German Chancellor Angela Merkel's visit to India coincided with one of the worst spells of air pollutions in Delhi-NCR region, prompting her to pledge to invest 1 billion euros over the next five years on environmentally-friendly urban mobility in India.
Merkel also emphasised on the need to replace diesel-run public transport with electric vehicles.
Touching upon the subject of air pollution in Delhi, Merkel said that looking at the severity of the situation, it would be a good idea to replace diesel buses with electric ones.
"Whoever has looked at pollution in Delhi yesterday (Friday) would find very good arguments to replacing diesel buses with electric buses," Merkel said.
She said Germany will also earmark 200 Million euros to reform bus sector in Tamil Nadu.
"We have agreed to co-operate on climate protection and green urban mobility and have earmarked 1 billion euros towards this," Merkel said at an event here.
Delhi recorded its worst air quality of the season on Friday as the pollution level touched the 'severe plus' category, prompting authorities to shut schools till November 5, ban all construction activities and declare a "public health emergency".

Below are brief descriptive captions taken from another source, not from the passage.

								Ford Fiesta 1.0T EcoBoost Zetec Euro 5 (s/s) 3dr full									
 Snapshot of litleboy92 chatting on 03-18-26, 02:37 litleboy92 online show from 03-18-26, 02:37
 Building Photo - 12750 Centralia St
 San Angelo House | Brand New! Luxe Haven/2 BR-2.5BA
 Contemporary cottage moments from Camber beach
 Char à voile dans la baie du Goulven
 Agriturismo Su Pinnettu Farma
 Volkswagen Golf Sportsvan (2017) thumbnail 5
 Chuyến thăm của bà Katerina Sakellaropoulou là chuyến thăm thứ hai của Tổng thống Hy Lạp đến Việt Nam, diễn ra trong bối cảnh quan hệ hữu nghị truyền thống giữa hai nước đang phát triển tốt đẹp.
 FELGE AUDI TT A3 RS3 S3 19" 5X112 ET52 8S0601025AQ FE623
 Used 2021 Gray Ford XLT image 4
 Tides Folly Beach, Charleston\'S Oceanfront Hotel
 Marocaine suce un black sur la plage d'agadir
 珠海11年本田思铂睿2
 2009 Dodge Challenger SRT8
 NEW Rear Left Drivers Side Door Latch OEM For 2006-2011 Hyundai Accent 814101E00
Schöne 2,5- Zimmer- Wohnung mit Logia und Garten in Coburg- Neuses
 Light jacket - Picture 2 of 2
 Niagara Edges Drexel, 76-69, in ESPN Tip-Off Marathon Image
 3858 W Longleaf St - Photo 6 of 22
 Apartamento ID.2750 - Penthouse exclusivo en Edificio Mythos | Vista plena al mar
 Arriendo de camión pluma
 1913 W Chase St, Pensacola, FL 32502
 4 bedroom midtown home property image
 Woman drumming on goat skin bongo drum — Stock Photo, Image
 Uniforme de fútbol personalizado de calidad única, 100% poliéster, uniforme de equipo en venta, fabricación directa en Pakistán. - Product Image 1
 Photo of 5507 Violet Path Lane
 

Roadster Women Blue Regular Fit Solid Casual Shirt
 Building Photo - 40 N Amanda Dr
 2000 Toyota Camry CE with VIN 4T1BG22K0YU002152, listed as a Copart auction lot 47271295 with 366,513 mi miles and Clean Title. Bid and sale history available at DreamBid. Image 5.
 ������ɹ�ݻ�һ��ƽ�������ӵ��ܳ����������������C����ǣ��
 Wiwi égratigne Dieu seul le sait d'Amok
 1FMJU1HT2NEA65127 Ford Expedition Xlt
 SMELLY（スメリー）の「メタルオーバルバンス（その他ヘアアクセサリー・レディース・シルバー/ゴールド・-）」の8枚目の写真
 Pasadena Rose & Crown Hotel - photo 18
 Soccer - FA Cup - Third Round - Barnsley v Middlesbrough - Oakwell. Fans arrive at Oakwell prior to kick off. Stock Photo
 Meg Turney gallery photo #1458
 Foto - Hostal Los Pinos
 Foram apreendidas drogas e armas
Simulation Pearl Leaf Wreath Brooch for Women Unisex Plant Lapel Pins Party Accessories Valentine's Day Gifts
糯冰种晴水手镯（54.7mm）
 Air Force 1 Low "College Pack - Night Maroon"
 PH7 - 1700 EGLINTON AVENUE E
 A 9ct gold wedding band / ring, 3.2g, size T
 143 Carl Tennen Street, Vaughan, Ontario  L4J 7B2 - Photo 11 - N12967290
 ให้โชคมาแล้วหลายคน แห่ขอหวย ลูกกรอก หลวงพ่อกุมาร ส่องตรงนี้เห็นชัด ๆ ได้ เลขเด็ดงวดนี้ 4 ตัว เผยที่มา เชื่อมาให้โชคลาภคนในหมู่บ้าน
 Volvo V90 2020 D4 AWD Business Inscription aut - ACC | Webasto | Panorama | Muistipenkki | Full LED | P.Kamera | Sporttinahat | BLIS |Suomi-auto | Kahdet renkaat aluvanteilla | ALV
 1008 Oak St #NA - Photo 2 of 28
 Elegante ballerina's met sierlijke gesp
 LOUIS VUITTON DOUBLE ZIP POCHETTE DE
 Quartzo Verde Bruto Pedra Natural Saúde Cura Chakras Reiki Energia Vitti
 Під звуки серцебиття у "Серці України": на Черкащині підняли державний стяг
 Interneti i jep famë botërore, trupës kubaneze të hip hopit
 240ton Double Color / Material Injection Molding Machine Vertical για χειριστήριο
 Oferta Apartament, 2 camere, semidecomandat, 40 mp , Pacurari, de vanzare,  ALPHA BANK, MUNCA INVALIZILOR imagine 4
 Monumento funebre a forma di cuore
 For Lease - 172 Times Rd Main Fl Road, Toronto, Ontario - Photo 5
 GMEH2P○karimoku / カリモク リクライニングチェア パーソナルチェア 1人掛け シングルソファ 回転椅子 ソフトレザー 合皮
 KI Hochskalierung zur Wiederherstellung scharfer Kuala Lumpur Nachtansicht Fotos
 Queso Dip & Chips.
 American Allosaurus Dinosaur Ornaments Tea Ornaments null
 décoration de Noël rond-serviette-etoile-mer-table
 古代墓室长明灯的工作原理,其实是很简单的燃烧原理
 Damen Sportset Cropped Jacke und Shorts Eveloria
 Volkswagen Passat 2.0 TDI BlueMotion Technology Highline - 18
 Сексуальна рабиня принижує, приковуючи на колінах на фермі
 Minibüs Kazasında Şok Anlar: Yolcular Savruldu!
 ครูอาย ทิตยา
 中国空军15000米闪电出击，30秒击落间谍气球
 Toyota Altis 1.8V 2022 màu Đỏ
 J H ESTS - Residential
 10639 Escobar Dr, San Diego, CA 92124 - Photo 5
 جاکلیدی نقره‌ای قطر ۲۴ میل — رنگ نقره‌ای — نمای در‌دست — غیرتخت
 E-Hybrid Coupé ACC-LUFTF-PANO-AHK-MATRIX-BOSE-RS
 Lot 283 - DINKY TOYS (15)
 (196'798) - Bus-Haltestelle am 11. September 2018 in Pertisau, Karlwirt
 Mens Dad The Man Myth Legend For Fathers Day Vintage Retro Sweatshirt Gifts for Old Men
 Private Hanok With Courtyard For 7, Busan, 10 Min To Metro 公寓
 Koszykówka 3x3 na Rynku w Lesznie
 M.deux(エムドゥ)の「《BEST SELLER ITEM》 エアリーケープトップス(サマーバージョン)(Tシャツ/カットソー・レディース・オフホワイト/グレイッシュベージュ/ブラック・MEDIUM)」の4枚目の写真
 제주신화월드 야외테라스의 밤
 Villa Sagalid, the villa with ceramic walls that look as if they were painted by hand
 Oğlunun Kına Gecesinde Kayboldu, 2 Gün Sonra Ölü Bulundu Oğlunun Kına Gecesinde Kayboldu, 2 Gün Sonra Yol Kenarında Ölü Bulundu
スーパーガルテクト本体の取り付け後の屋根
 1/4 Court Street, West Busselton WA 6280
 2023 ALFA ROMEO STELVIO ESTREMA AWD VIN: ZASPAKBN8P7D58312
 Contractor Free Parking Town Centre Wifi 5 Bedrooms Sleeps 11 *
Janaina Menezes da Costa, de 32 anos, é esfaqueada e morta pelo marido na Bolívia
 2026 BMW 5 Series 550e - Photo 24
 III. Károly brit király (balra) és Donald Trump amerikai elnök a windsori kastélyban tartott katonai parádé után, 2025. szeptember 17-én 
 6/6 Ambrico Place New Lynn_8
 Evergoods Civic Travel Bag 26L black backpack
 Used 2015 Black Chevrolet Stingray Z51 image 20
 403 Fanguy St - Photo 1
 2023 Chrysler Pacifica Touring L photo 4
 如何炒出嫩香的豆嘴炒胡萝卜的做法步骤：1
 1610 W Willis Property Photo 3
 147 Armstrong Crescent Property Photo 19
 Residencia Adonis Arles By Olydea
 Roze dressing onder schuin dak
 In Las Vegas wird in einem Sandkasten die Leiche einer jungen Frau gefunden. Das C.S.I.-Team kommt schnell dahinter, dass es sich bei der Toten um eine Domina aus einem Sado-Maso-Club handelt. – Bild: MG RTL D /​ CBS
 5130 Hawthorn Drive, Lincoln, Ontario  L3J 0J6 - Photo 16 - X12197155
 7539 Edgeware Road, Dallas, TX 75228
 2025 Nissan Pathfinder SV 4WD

Merkel said that Germany would also like to work with India on various segments including healthcare, agriculture and artificial intelligence.
On Friday, India and Germany agreed to deepen efforts to resume stalled negotiations for a free trade agreement between India and the European Union (EU).
The negotiations for the pact have been held up since May 2013 as both the sides failed to bridge substantial gaps on crucial issues.
Launched in June 2007, the negotiations for the proposed pact have witnessed many hurdles with both the sides having major differences on key issues like intellectual property rights, duty cut in automobile and spirits, and liberal visa regime.
Both the sides also agreed to intensify efforts for an early conclusion of an investment protection agreement between the EU, the EU member states and India.